EXERCISE DIRECTIONS: Without pictures, output exactly the lines running from the line containing "Tobii X60 and" to the end of the listing below.

GIVEN INFORMATION:
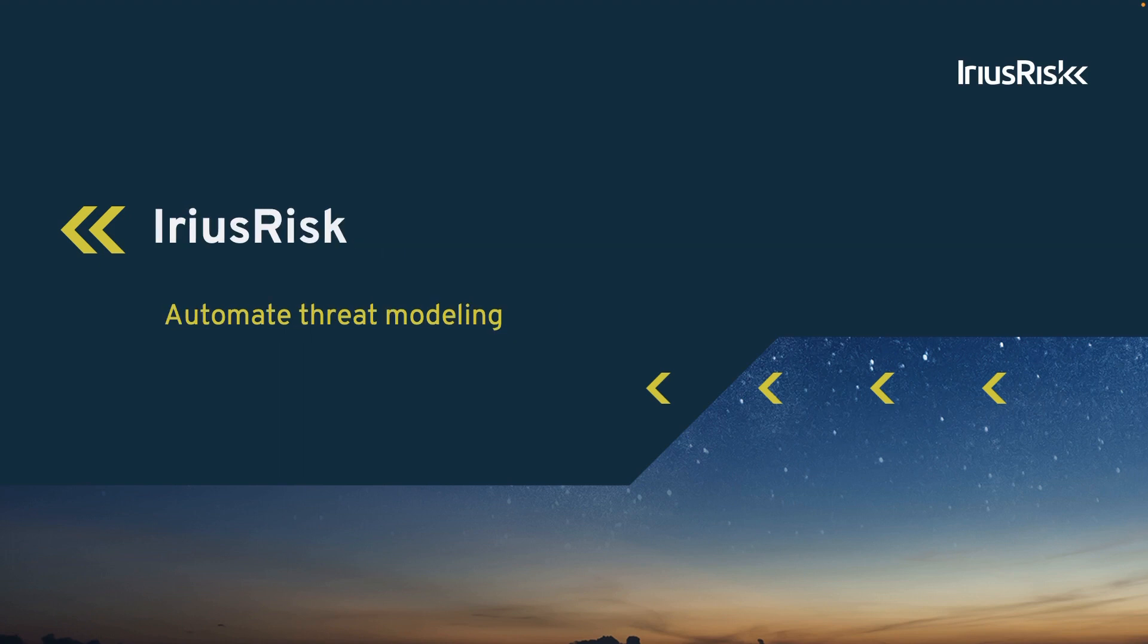IriusRisk is like an experienced security guard that helps us figure out where potential weaknesses are in our design. It also helps us make our designs more resilient to attacks by proposing countermeasures to implement in the design and build process. In this sense, threat modeling is like having a plan to keep our house safe from future unwanted visitors even before we're building it.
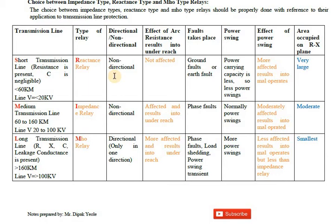Hello students, welcome to the video lecture series on switchgear protection. Today's topic is very important as we are interested to study the types of impedance relay and we have to use these types of relay for a particular transmission line.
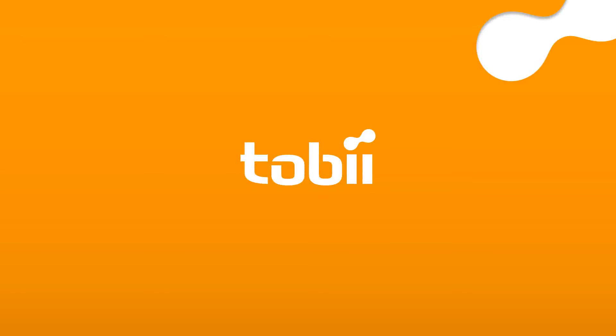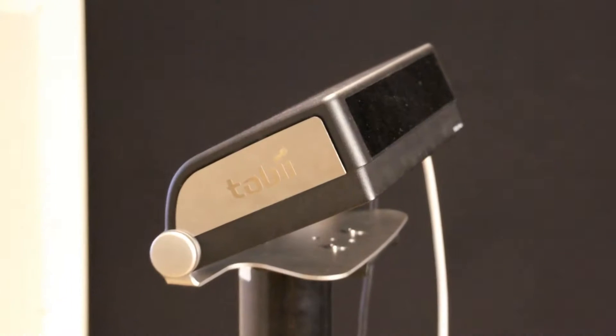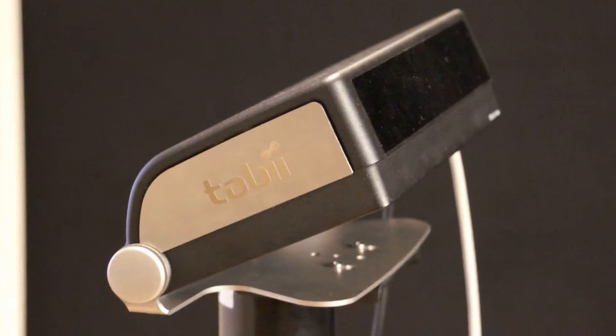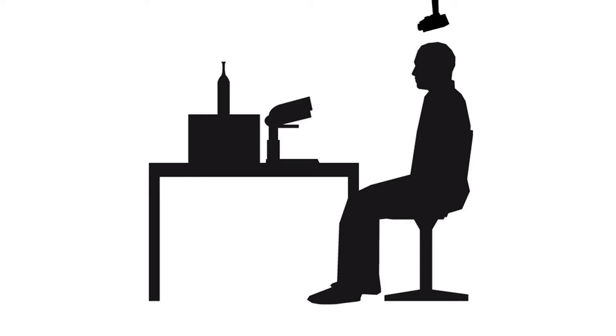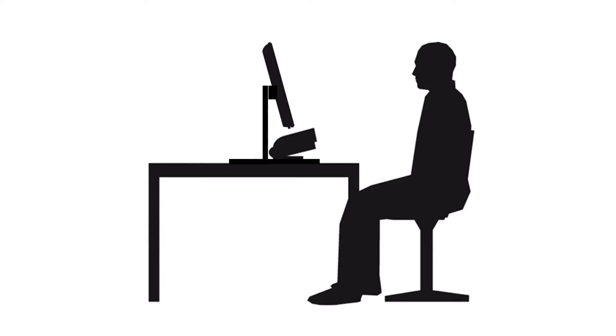Tobii X60 and X120 eye trackers offer flexible, real-world stimuli setup options, which enable you to study how people view physical objects, projections, and video screens.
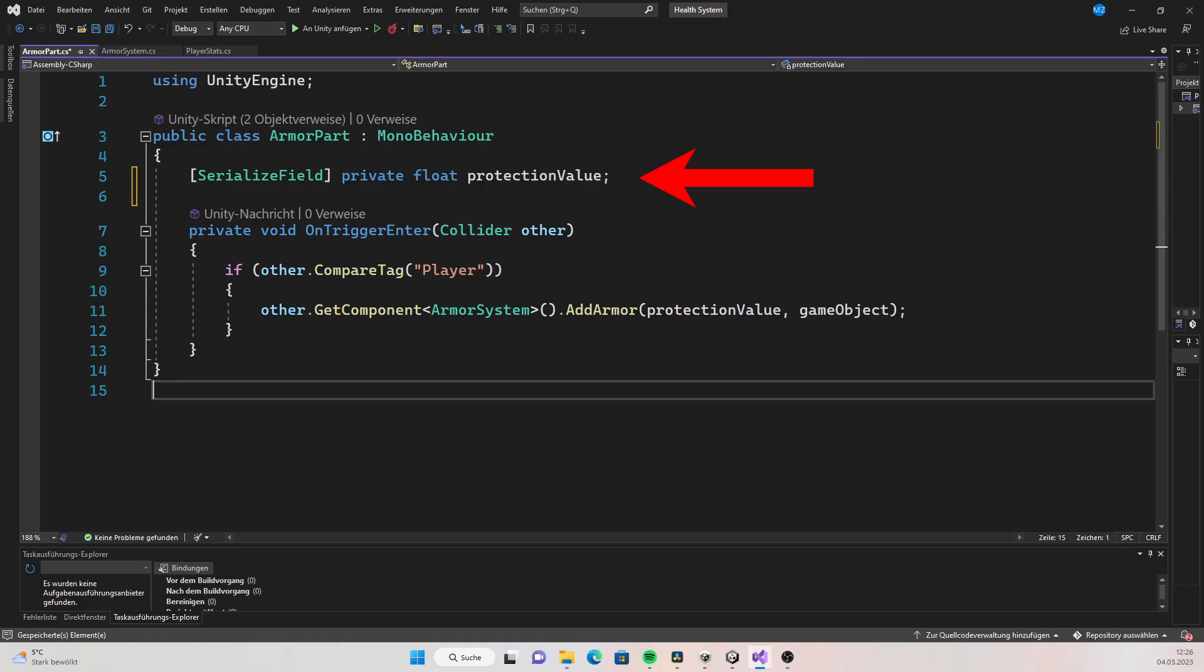Here we first need a float for the protection value. Then we want to check if the object collides with the player, just as we did in the previous videos. If it does, get the armor system component and call the add armor function.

COMPLETED EXERCISE:
Tobii X60 and X120 eye trackers offer flexible, real-world stimuli setup options, which enable you to study how people view physical objects, projections, and video screens.
Here we first need a float for the protection value. Then we want to check if the object collides with the player, just as we did in the previous videos. If it does, get the armor system component and call the add armor function.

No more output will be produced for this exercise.